The most transferable output is the skill
The SKILL.md ended up mattering almost as much as the documents themselves because it captures the method as well as the outputs. That makes it the part someone else can reuse directly.

It tells the next operator where to start, which files matter first, which ones to treat as sensitive, how to sequence the work, and how to rewrite the output so it sounds authored instead of synthetic. More importantly, it encodes the rule that ended up governing the whole session:
Do not let the shape of the data determine the shape of the writing.
That means reading for signal first, then writing around the strongest through-lines: current role, career progression, technical domain, leadership scope, public themes, and service. It also means drawing a hard line around raw contacts, job application answers, verification details, and inferred targeting data unless there is a specific reason to use them.
Readers who want the workflow itself can download it directly here:
Download the LinkedIn export profile writer skill
Why this was worth doing
What surprised me most is how fast a raw archive becomes useful with disciplined interpretation.
One export turned into an AI-ready profile, a speaker sheet, a use-cases guide, a planning document, and a reusable skill for repeating the method. That is a much better outcome than treating the download as a passive backup folder that never gets opened again. The real value here is not one polished document. The real value is building a durable layer of self-knowledge that can improve future prompts, bios, talk proposals, summaries, and planning work across tools.
If I were doing it again
I would keep the same sequence.
Export the archive. Read the core professional files first. Separate high-signal narrative data from high-risk raw data. Build the AI profile before anything else. Then expand outward into public-facing assets such as a speaker sheet and private-facing assets such as a use-cases guide or redaction checklist.
And I would keep the same writing rule in place from the beginning: a structured first draft is fine, but the finished version has to read like a person wrote it.
Notes and links
- Dan Martell, master prompt and AI workflow inspiration: YouTube
- Gerald Auger, LinkedIn export analysis workflow: YouTube
- LinkedIn Help, data and privacy: linkedin.com/help/linkedin/topic/a65
- LinkedIn Help, view your activity and data: linkedin.com/help/linkedin/answer/a1338894
Frequently asked questions
What can you build from a LinkedIn data archive?

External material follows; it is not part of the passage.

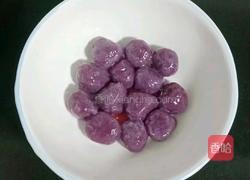 芋圆水果烧仙草的做法图解18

A good export can support AI context files, speaker sheets, executive bios, content strategy, skills analysis, and privacy review, as long as you separate narrative data from sensitive raw records.
Should you upload your full LinkedIn archive into an AI tool?
Not by default. Core profile, role, education, skills, and public activity files are useful, but contacts, job application data, verification records, and inferred traits should be treated as sensitive first.